──────── DATA PROVIDED

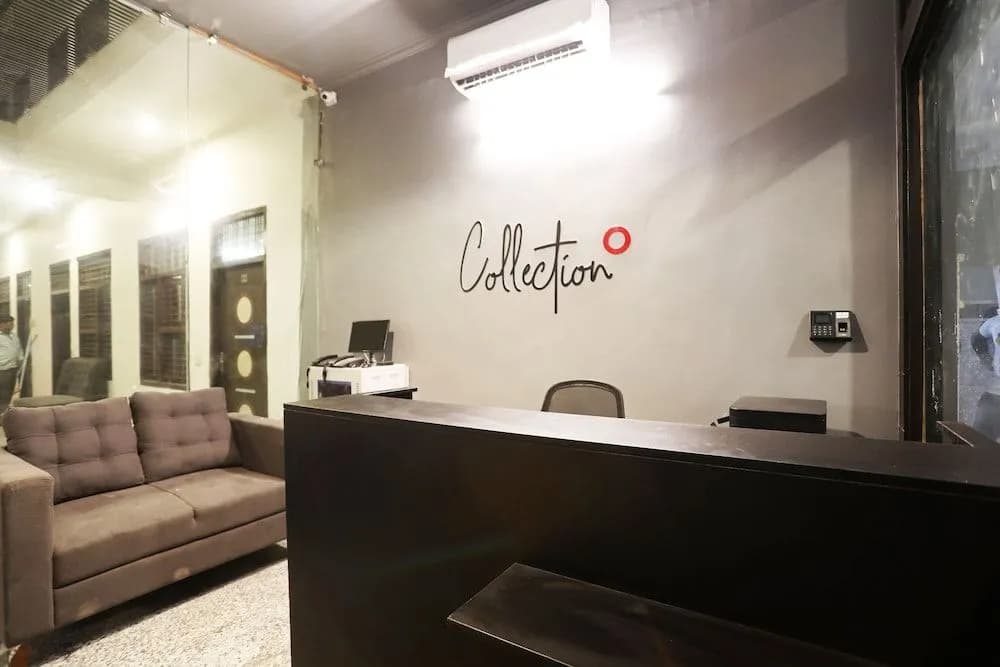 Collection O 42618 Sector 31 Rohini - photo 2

────────────────
──────── DATA PROVIDED

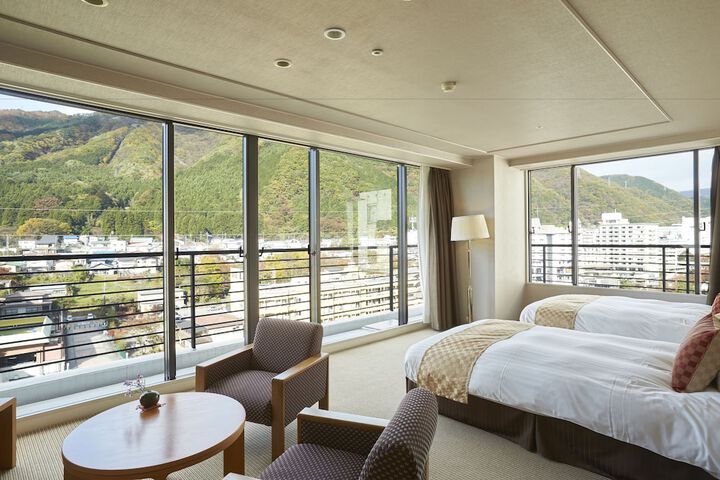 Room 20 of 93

────────────────
──────── DATA PROVIDED

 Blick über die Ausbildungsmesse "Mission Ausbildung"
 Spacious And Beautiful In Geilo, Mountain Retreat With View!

────────────────

◆ EXERCISE PROMPT:
Begin with the line above that has "Blick über die" and continue through the line that has "Spacious And Beautiful", setting each one down exactly. Stop there.

◆ OUTPUT:
 Blick über die Ausbildungsmesse "Mission Ausbildung"
 Spacious And Beautiful In Geilo, Mountain Retreat With View!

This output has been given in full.